| Users / Load | Pods | CPU/Memory Usage | Response Time | Autoscaler Behavior |
|---|---|---|---|---|
| 100 users | 1-2 pods | Low (10-30%) | Fast (low latency) | Minimal scaling, stable pod count |
| 10,000 users | 5-10 pods | Moderate (50-70%) | Good (slight increase) | Pods scale up automatically to handle load |
| 1,000,000 users | 1000-2000 pods | High (70-90%) | Acceptable (some latency) | Frequent scaling events, possible cooldown delays |
| 100,000,000 users | 100,000+ pods (cluster limits) | Very High (near max) | Degraded (high latency) | Autoscaler hits cluster or resource limits, scaling bottlenecks |
Horizontal Pod Autoscaler in Microservices - Scalability & System Analysis
The first bottleneck is the cluster resource limits such as CPU, memory, and maximum pod count per node or cluster. When the autoscaler tries to add more pods, it may fail due to insufficient resources or node limits.
Before that, the API server rate limits and autoscaler reaction time can cause delays in scaling, leading to temporary overload on pods.
- Horizontal scaling: Add more nodes to the cluster to increase capacity for pods.
- Vertical scaling: Increase node sizes (CPU, memory) to host more pods per node.
- Autoscaler tuning: Adjust thresholds and cooldown periods for faster, stable scaling.
- Pod resource requests/limits: Optimize pod resource definitions to improve packing efficiency.
- Use multiple clusters: Split load across clusters to avoid single cluster limits.
- Implement caching and queueing: Reduce load spikes and smooth traffic to pods.
Assuming each pod handles ~1000 concurrent requests:
- At 10,000 users: ~10 pods needed.
- At 1,000,000 users: ~1000 pods needed.
- Each pod requires ~0.5 CPU and 1GB RAM.
- Cluster bandwidth depends on request size; e.g., 1MB per request at 1000 QPS = ~1GB/s network.
- Autoscaler API calls increase with pod count; API server must handle scaling requests efficiently.
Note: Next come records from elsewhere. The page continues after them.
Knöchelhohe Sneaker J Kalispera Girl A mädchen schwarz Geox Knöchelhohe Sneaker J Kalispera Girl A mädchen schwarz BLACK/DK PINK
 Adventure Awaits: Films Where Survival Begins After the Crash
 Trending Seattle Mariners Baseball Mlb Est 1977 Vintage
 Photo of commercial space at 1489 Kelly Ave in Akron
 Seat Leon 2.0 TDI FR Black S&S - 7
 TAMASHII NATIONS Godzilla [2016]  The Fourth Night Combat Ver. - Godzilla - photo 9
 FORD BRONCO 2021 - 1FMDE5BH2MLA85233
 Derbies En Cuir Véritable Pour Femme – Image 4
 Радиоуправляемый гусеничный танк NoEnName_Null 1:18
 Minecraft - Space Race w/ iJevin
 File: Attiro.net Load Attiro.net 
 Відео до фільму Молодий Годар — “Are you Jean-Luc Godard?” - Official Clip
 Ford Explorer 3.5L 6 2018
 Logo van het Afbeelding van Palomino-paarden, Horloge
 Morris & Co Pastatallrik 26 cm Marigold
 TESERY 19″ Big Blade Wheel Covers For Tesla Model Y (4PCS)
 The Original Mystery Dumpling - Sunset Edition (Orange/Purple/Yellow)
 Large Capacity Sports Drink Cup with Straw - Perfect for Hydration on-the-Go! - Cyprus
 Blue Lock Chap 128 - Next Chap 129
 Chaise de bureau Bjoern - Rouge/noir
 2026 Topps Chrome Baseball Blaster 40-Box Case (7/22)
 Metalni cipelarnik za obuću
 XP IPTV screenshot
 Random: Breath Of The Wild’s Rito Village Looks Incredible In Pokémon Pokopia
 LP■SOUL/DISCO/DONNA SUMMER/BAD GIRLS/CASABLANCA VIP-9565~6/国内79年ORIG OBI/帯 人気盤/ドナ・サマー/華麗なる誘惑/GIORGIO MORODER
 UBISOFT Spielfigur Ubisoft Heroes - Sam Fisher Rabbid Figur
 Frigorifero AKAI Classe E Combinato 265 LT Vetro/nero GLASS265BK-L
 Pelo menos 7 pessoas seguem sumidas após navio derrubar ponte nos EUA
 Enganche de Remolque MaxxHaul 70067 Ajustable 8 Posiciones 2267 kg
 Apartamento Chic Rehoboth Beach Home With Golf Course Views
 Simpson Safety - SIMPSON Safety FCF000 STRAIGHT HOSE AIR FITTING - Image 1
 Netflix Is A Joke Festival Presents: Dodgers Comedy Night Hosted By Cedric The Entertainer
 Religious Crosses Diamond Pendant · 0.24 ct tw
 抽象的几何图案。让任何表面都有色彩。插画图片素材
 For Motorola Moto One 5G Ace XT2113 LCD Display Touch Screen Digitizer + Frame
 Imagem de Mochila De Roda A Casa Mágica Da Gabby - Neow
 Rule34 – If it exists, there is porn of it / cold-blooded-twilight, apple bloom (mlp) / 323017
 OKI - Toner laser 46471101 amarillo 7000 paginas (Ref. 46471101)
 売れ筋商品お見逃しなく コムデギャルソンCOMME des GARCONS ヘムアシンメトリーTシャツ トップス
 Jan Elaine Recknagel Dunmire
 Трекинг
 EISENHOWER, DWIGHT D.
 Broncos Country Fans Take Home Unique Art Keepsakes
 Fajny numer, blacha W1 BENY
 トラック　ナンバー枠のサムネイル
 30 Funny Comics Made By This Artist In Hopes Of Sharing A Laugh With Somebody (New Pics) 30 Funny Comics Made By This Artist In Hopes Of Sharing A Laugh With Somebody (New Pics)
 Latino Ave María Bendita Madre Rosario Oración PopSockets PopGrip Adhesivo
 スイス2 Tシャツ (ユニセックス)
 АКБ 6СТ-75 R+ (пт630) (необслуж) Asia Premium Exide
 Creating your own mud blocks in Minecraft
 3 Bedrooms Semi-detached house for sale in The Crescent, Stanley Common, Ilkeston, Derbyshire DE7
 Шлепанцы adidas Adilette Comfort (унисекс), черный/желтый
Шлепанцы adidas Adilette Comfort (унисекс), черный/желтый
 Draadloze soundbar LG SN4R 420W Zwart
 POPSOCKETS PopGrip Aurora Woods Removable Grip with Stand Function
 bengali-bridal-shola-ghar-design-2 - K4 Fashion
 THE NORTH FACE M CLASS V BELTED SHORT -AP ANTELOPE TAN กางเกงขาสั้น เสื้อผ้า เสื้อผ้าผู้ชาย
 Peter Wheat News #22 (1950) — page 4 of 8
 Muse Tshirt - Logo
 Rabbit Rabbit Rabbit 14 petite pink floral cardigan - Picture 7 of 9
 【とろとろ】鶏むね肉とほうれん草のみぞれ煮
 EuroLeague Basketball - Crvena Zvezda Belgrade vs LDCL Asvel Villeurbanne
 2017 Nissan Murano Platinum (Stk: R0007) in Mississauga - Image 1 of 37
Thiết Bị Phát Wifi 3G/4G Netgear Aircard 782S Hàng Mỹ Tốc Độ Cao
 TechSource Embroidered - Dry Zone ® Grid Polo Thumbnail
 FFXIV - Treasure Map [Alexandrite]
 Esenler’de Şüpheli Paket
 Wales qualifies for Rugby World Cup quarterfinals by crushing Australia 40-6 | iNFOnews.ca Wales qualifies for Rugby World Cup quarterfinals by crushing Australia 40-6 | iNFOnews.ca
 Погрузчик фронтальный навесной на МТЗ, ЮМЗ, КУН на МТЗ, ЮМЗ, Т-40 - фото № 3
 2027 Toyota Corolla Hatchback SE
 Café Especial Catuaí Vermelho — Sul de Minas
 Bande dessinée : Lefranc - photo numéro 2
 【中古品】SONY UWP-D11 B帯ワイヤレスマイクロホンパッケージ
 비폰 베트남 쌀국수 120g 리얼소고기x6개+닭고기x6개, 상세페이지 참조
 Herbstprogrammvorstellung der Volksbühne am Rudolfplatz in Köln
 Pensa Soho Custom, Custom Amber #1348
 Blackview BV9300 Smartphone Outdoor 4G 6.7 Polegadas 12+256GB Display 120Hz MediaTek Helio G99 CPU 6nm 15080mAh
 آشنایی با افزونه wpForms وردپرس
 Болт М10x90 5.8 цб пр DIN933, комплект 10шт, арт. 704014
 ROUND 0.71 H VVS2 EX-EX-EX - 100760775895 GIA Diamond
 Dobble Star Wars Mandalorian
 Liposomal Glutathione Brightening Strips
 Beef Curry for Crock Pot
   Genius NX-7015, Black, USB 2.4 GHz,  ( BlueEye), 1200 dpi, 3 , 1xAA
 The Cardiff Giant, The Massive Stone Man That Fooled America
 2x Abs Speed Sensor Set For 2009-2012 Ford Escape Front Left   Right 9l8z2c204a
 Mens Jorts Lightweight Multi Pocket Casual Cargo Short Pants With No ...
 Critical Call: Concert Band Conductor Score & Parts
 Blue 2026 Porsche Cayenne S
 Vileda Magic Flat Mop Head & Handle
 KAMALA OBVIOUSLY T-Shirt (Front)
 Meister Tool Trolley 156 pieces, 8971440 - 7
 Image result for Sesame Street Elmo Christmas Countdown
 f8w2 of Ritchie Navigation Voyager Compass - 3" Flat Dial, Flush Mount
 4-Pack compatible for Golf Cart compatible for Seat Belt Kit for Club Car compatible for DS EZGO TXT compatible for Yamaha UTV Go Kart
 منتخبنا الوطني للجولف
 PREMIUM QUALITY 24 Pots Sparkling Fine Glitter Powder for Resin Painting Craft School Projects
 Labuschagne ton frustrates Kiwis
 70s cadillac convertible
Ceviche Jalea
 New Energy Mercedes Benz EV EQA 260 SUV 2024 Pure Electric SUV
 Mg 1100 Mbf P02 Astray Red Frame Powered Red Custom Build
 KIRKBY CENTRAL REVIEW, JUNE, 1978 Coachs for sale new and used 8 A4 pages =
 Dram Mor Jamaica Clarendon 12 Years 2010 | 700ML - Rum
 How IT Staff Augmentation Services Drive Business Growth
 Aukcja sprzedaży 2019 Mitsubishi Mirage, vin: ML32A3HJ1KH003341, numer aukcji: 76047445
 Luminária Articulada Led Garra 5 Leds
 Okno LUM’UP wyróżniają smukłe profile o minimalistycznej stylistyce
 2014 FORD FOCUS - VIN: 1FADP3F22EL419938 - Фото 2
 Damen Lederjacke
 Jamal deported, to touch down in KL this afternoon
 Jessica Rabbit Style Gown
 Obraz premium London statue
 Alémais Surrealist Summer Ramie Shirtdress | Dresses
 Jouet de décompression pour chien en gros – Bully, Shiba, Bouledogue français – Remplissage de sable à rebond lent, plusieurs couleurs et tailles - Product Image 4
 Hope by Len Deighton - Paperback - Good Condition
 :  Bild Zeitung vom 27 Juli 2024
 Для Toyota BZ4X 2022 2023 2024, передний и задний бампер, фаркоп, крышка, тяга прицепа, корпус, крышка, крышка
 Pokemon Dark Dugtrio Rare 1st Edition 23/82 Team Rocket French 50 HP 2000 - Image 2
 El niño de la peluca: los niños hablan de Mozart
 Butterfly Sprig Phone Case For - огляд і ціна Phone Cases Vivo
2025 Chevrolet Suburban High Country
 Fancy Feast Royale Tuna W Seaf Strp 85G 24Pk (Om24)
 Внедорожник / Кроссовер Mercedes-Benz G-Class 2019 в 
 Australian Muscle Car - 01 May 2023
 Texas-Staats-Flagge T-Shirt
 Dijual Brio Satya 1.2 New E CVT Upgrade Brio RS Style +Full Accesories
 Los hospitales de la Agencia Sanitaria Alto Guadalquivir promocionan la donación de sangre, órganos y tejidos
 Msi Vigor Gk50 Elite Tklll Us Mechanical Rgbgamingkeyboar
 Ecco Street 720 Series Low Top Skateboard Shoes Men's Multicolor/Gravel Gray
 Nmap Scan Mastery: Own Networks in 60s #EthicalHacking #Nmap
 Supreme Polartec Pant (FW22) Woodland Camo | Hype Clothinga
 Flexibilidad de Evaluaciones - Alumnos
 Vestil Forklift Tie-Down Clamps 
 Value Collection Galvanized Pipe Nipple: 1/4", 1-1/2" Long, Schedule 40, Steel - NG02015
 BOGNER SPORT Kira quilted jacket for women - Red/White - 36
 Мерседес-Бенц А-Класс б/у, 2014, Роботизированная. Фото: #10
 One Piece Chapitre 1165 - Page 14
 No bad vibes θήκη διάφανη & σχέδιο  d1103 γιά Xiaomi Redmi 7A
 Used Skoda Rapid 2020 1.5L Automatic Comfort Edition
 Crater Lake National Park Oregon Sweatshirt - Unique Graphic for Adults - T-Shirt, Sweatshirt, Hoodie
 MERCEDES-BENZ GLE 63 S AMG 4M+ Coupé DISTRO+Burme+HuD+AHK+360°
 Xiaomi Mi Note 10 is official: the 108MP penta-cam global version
When discussing Horizontal Pod Autoscaler scaling, start by explaining how it monitors pod metrics (CPU, memory) and adjusts pod count automatically.
Then, describe what happens as load grows: resource limits, API server rate limits, and scaling delays.
Finally, propose concrete solutions like adding nodes, tuning autoscaler settings, and splitting clusters.
This shows understanding of both the autoscaler mechanism and real-world constraints.
Question: Your service handles 1000 QPS. Traffic grows 10x. What do you do first?
Answer: Since traffic increased 10x, the first step is to scale horizontally by adding more pods using the Horizontal Pod Autoscaler, ensuring the cluster has enough resources. Also, tune autoscaler thresholds to react faster. If cluster limits are reached, add more nodes or split the workload.